Who Made God?

Children often ask this. The quick answer: God wasn’t made, He was always there. Only things that weren’t always there have to be made.

But atheists may still complain about God being used as an explanation because it stops inquiry. We should always look for some other explanation because of this. Saying “God did it” stops science. Sometimes they also insist that to use God as an explanation, we need to explain God first.

I think these complaints are based on a confusion between arguing that and explaining how. When theists use God as an explanation, they are arguing that. That is, they are trying to argue that it is true that God exists and did such and such. Theists have to admit, however, that this does not explain how. It doesn’t provide details about the processes of how the universe was made. Because “God did it” doesn’t explain how, atheists reject God as an explanation.

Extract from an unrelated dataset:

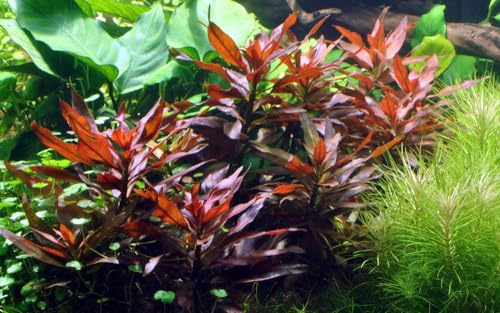 AquaOne Aquarium Pflanze Ludwigia glandulosa Wasserpflanze Stängelpflanze | Aquariumpflanze, voll durchwurzelt, einfach pflegeleicht, Aquascaping, Dekoration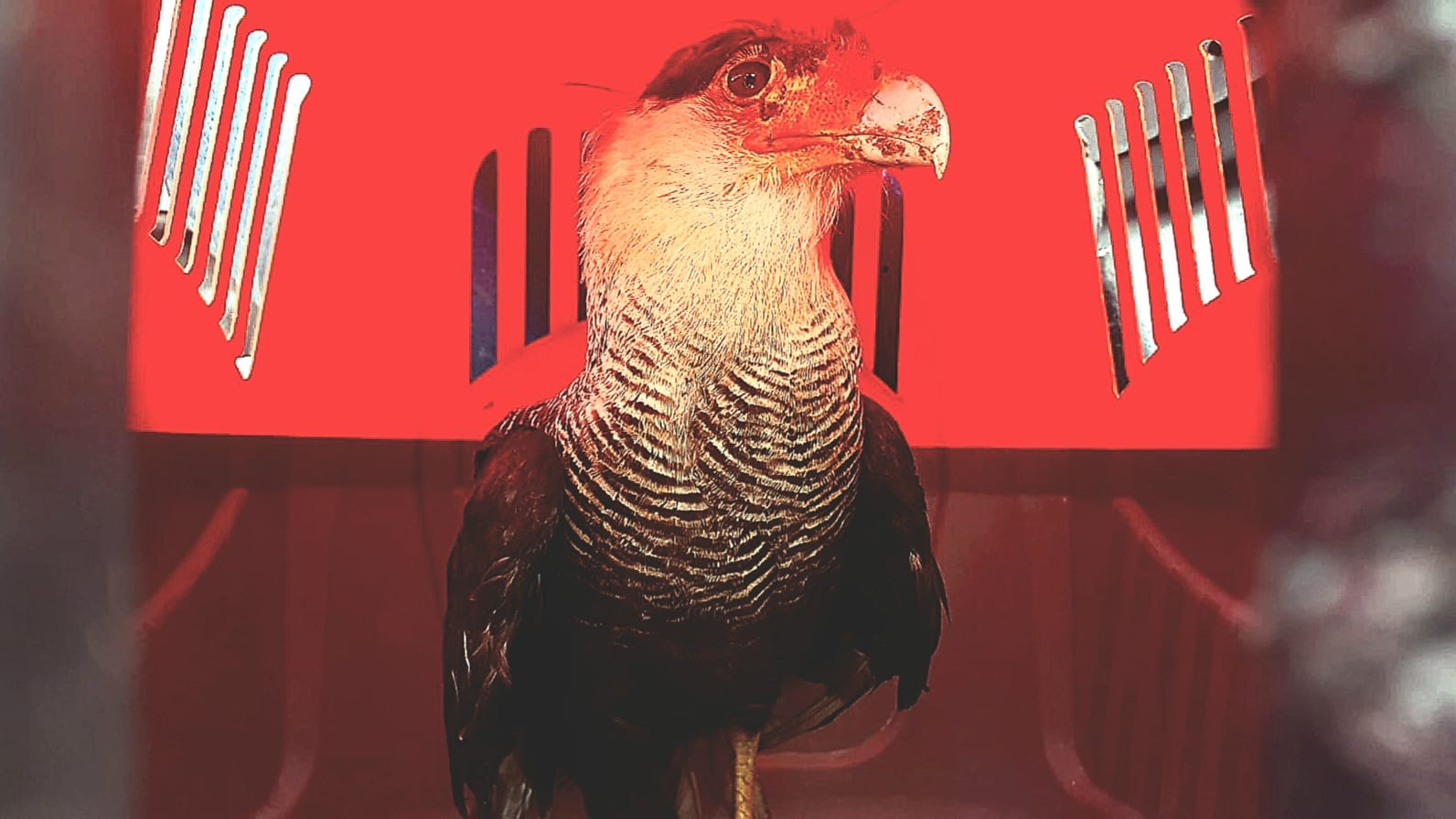 Reprodução/Divulgação/Prefeitura de Bertioga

But we can use explanations for both of the above purposes. We can use an explanation to uncover a mechanism, or we can use an “inference to the best explanation” to argue that a certain event occurred. An example: I can explain why the sky is blue by pointing out different features of light and the absorptive properties of gasses in the atmosphere — that’s explaining how. Or I could argue that my friend was awake late last night because there is an email in my inbox from him with a timestamp of 2:20 am. In the latter case I am not trying to get into the details of how the universe works so much as show that my friend was awake at that time. Notice that I don’t need to have an explanation for why my friend was awake to make the point: what kept him up is a different question from whether he was up.

In the same way, when theists offer arguments for God’s existence involving God as an explanation, they aren’t trying to uncover mechanisms that can be used to further scientific inquiry. They are merely arguing that God exists; they are arguing that, not explaining how. And just like my friend’s email, arguing that God exists isn’t the same as showing how God exists.

So arguing that God did something may not advance scientific goals, but that in itself doesn’t mean that God didn’t do it, or that God isn’t a good explanation. It just means that God doesn’t suit the goals of atheists.